La médiation au service des agriculteurs
Francis Amand est le médiateur des relations commerciales agricoles au niveau national depuis 2011. À l’heure des états généraux de l’alimentation, il nous livre un regard lucide et plein d’espoir sur le monde agricole.
En quoi consiste votre travail ? Comment s’organise- t-il ?
Le médiateur des relations commerciales agricoles est nommé par les ministères de l’Économie et de l’Agriculture. Nous n’avons pas de relais au niveau régional, mais nous sommes accompagnés de trois médiateurs délégués et nous sommes en contact avec les Draaf de chaque région.
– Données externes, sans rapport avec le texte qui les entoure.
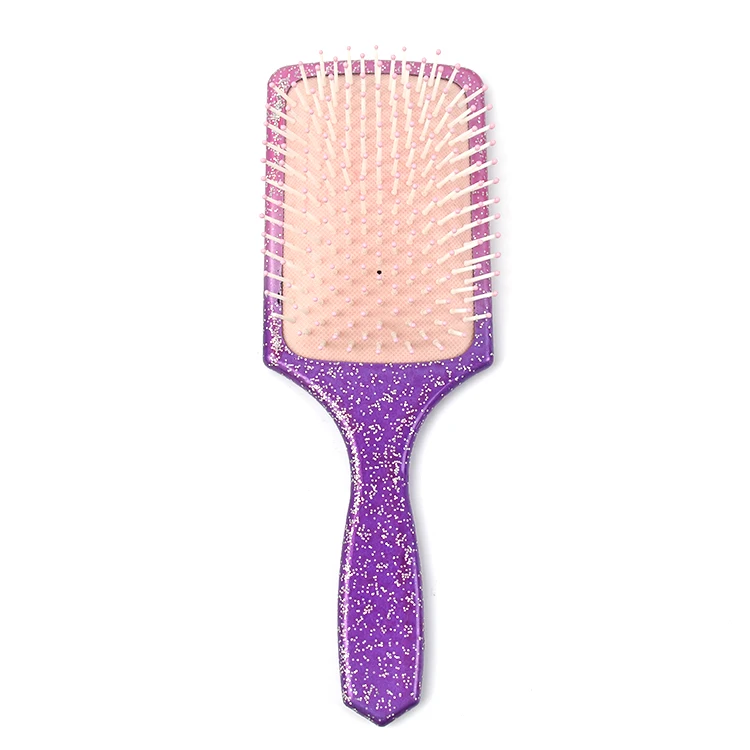 Wholesale Bling Diamond Square Hair Brush Soft Cushion Glitter Paddle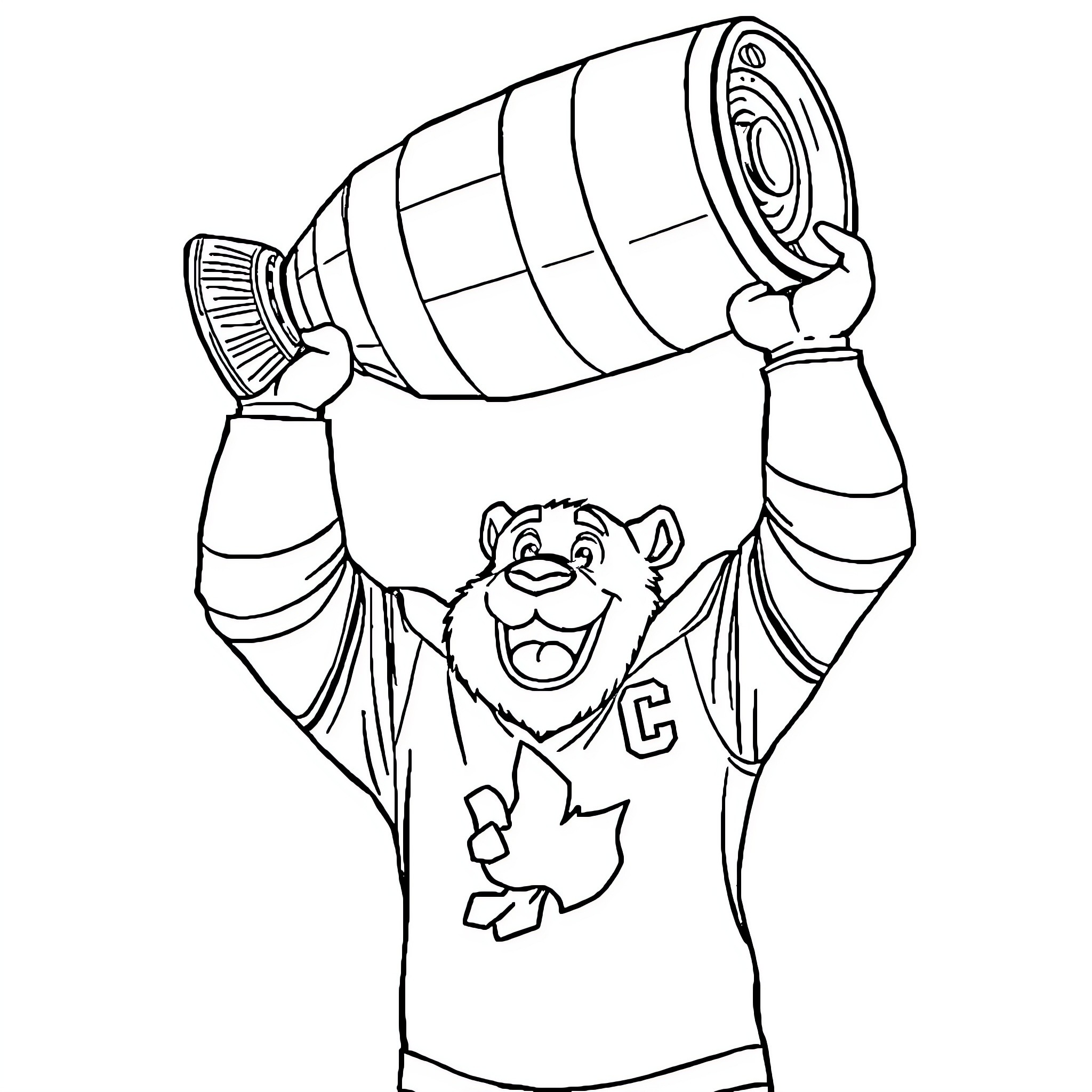 Labubu celebrating with hockey trophy Coloring Page (free black-and-white line drawing printable PDF for all, from beginners to advanced learners, including children, teens, adults, and seniors)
Les relations économiques au sein des filières agricoles sont manifestement déséquilibrées, et toujours au bénéfice de l’aval : les agriculteurs sont en position de faiblesse par rapport à leurs premiers clients, les transformateurs, eux, le sont par rapport aux distributeurs ou aux grandes chaînes. Tout le travail consiste à remédier à ces déséquilibres en favorisant le dialogue entre les parties pour signer un contrat équilibré.
Il ne faut pas oublier que le médiateur des relations commerciales agricoles s’appelait avant le médiateur des contrats : un contrat peut être le meilleur comme le pire selon s’il est équilibré ou non, et peut maintenir la partie la plus faible dans ce déséquilibre. Il y a eu un pic du nombre de demandes de médiations au début de l’activité, puis la gestion des dossiers s’est organisée par thématique : certains dossiers traitent des problématiques des agriculteurs individuels, d’autres des agriculteurs regroupés en coopératives, tandis que d’autres traitent les problèmes dans les filières à grande échelle.
Cela a été le cas pour la crise du lait en 2013, et les trois crises du lait, du porc et du bœuf en 2015. Toutefois, je n’ai pas de pouvoir juridictionnel : je ne suis pas un arbitre. Mon rôle est de faire en sorte que les deux parties dialoguent.
Quelles sont les principales mutations que vous avez pu observer dans le monde agricole ces dix dernières années ?
Je suis frappé par la capacité des agriculteurs à se saisir de cette situation dans le monde agricole : ils ont une excellente compréhension des enjeux de leurs filières, de manière beaucoup plus importante qu’on ne pourrait le croire. Le mythe de l’agriculteur apte uniquement à travailler la terre est dépassé : ils sont parfaitement capables d’entrer dans une démarche entrepreneuriale et d’instaurer avec leurs premiers clients des relations commerciales créatrices de valeur.
Cela a-t-il un rapport avec les jeunes générations?
Oui : lorsque je rencontre de jeunes agriculteurs, je suis bluffé par leur compréhension des problèmes, leur inventivité et leur énergie. C’est très encourageant mais pas surprenant, car la plupart sont issus d’écoles d’agriculture performantes et sont véritablement passionnés par leur métier. Sans compter que l’ouverture des marchés étrangers les oblige à être bien informés.
À ce titre, l’obligation de formaliser des contrats a permis aux acteurs du monde agricole de progresser dans la compréhension des fondamentaux économiques de leur activité, ce qui est un véritable atout, créateur de valeur pour la France.
Quels sont vos attentes et espoirs vis-à-vis des états généraux de l’alimentation?
Le principe de la médiation est un peu le même que celui des états généraux : nous visons un compromis, en étant concret, en sortant des postures. Je me réjouis que les états généraux rendent ce précepte plus visible. En tant que médiateur, je pense que le progrès s’obtient par la négociation et l’écoute de l’autre. J’espère qu’il sortira des états généraux des améliorations et des clarifications. Même s’il ne ressort pas d’éléments réglementaires ou législatifs dans l’immédiat, j’espère que l’on retiendra surtout une nouvelle méthode d’approche des problèmes, qui est celle que l’on utilise dans nos bureaux.